Mais qu’est-ce que la Grace & Mercy Foundation ? Basée à New York, cette organisation à but non lucratif finance des lectures bibliques et des clubs de lecture religieux. En moins de dix ans, la fondation est parvenue à gérer un portefeuille de 500 millions $ (environ 430 M €) et a fait don de millions de dollars à diverses associations chrétiennes depuis sa création.
Si la dévotion de Bill Hwang peut sembler en contradiction avec son goût du risque en affaires, lui estime au contraire que sa foi profonde nourrit cette audace.

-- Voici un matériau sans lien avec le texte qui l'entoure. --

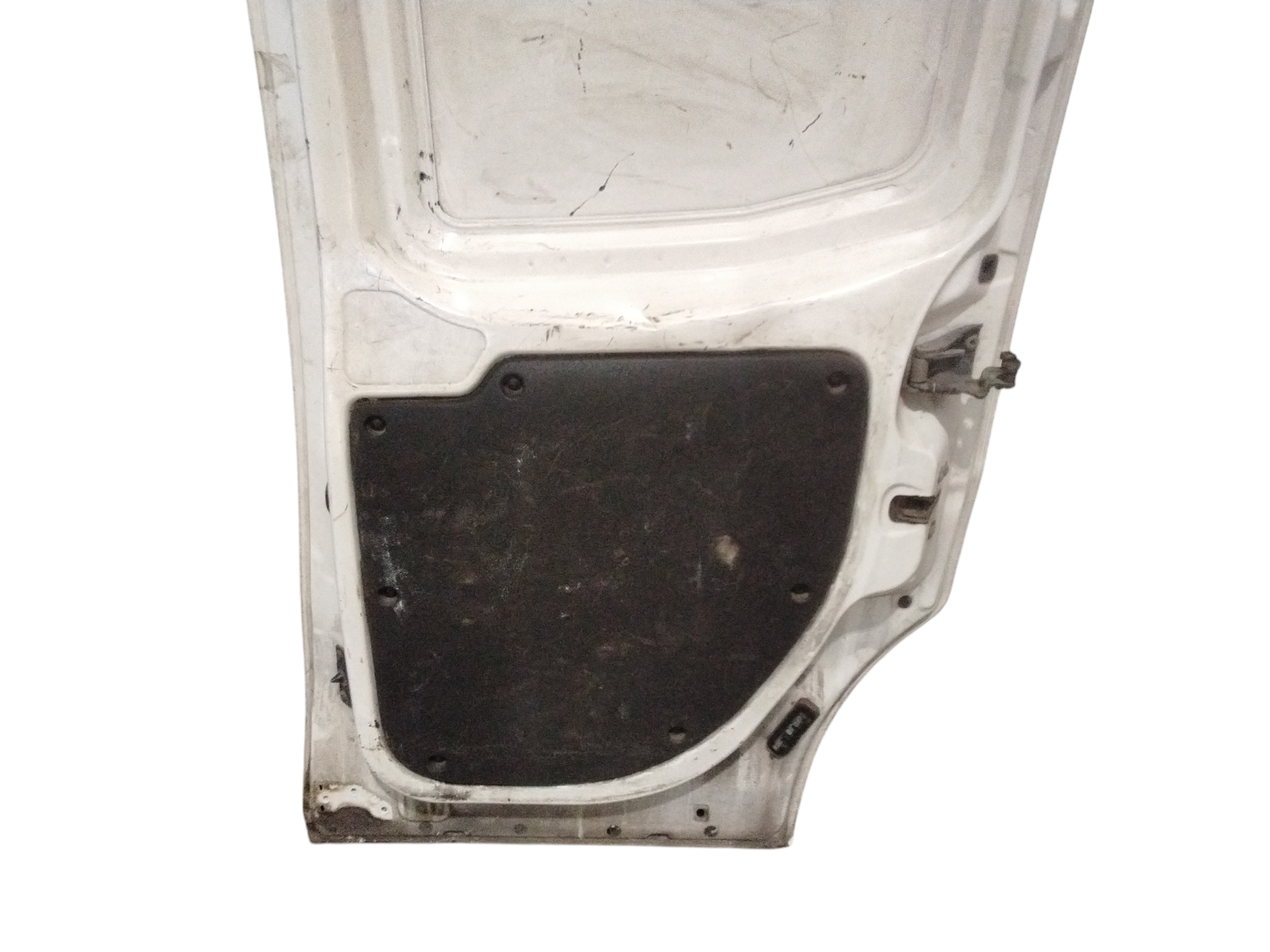 Porta scorrevole laterale DX per Fiat Fiorino 2 Serie (2007 - In produzione)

Selon Bloomberg, dans une vidéo réalisée en 2019 sur la Grace & Mercy Foundation, Bill Hwang affirme qu’il essaie d’investir « selon la parole de Dieu et la puissance du Saint-Esprit ». L’homme d’affaires intrépide ajoute : « C’est une façon d’investir sans peur. Je n’ai peur ni de la mort ni de l’argent ».
La débâcle d’Archegos attire rapidement l’attention de la SEC, qui, comme mentionné plus tôt, avait déjà eu affaire à Bill Hwang lorsqu’il dirigeait Tiger Asia.

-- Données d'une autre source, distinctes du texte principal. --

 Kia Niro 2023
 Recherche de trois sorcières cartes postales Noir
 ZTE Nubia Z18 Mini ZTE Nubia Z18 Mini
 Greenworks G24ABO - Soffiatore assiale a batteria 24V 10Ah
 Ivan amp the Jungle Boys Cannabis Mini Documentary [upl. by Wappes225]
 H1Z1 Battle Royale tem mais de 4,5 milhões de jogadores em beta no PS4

L’autorité de régulation ouvre une enquête préliminaire sur l’effondrement du fonds dès la fin mars 2021. Le champ d’action s’élargit lorsqu’émergent des accusations selon lesquelles Archegos aurait mis en place « un vaste système de manipulation de marché ».
La SEC affirme que Bill Hwang a eu recours à des total return swaps pour « faire grimper artificiellement et de façon spectaculaire le cours des actions de plusieurs entreprises. Une pratique qui a incité d’autres investisseurs à acheter ces titres à des prix majorés ». Les autorités reprochent aussi à Bill Hwang et à ses complices d’avoir menti aux banques afin d’obtenir les milliards de dollars nécessaires à leur plan.

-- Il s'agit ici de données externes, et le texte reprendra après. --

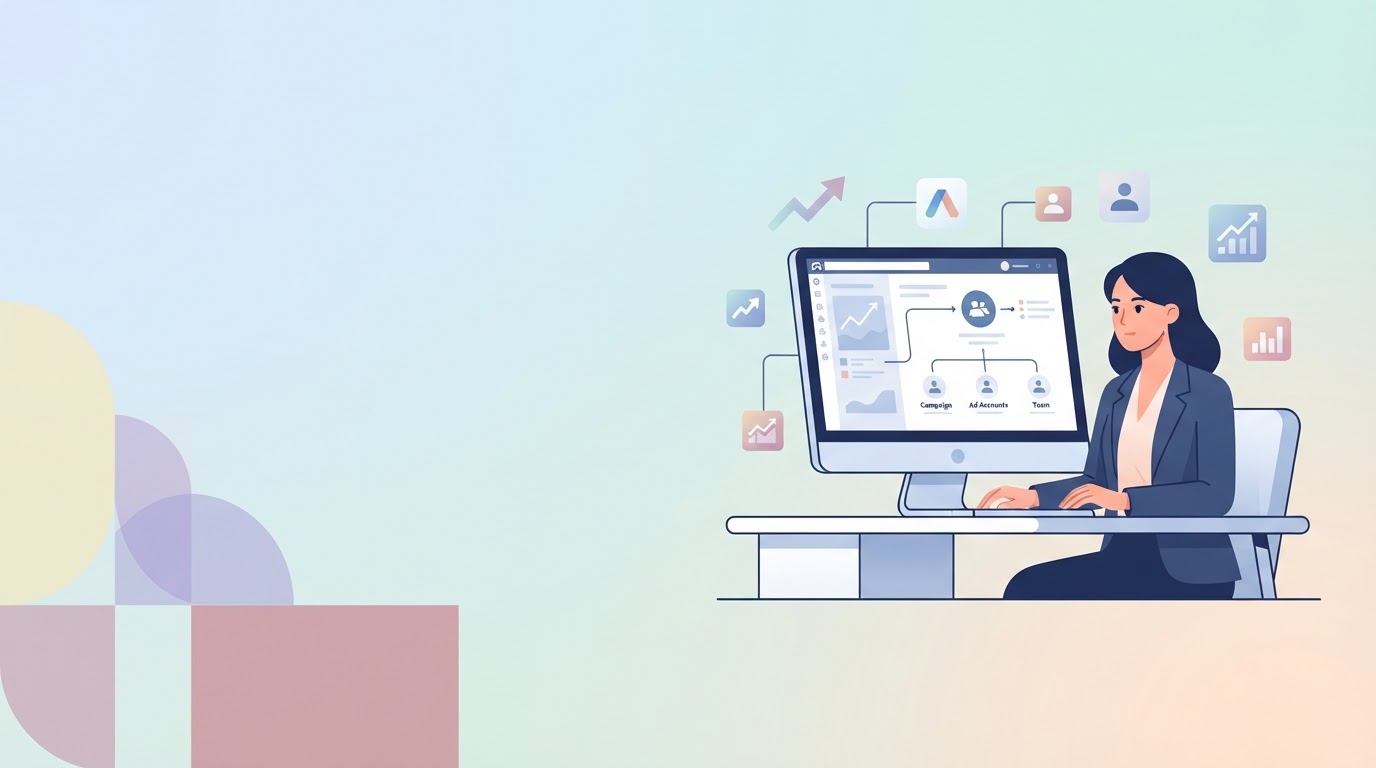 Meta Business Manager: Guia Completo para Agências e Gestores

En avril 2022, le FBI arrête Bill Hwang, mais aussi Patrick Halligan, l’ancien directeur financier d’Archegos. Ils sont poursuivis pour racket en bande organisée, complot, fraude boursière et fraude électronique, avec Scott Becker, directeur des risques du fonds, et William Tomita, chef trader.
Ces derniers négocient et concluent un accord de plaidoyer, devenant les principaux témoins à charge… contre leur ancien patron et l’ex-directeur financier d’Archegos. Bill Hwang et Patrick Halligan plaident quant à eux non coupable face aux onze chefs d’accusation fédéraux retenus contre eux. Leur procès s’est ouvert le 13 mai 2024.
La défense de Bill Hwang devait faire valoir qu’il n’était pas responsable des pertes subies par les banques et qu’il n’avait pas manipulé le marché. Selon lui, aucune des transactions n’impliquait de tromperie flagrante. Mais lorsque Scott Becker intervient à la barre… coup de théâtre : il affirme qu’on lui avait demandé de mentir pour permettre à Bill Hwang de poursuivre ses opérations de trading.
Après avoir perdu sa fortune de plusieurs milliards de dollars, le trader déchu perd sa liberté. Le 10 juillet 2024, Bill Hwang est reconnu coupable de dix des onze chefs d’accusation, chacun passible d’une peine maximale de 20 ans de prison. Patrick Halligan est pour sa part reconnu coupable de fraude électronique, conspiration et fraude boursière.
Bill Hwang est finalement condamné à 18 ans de prison. Une peine qui aurait pu être bien plus sévère. Il encourait jusqu'à 200 ans de réclusion, ce qui l’aurait condamné à finir sa vie derrière les barreaux.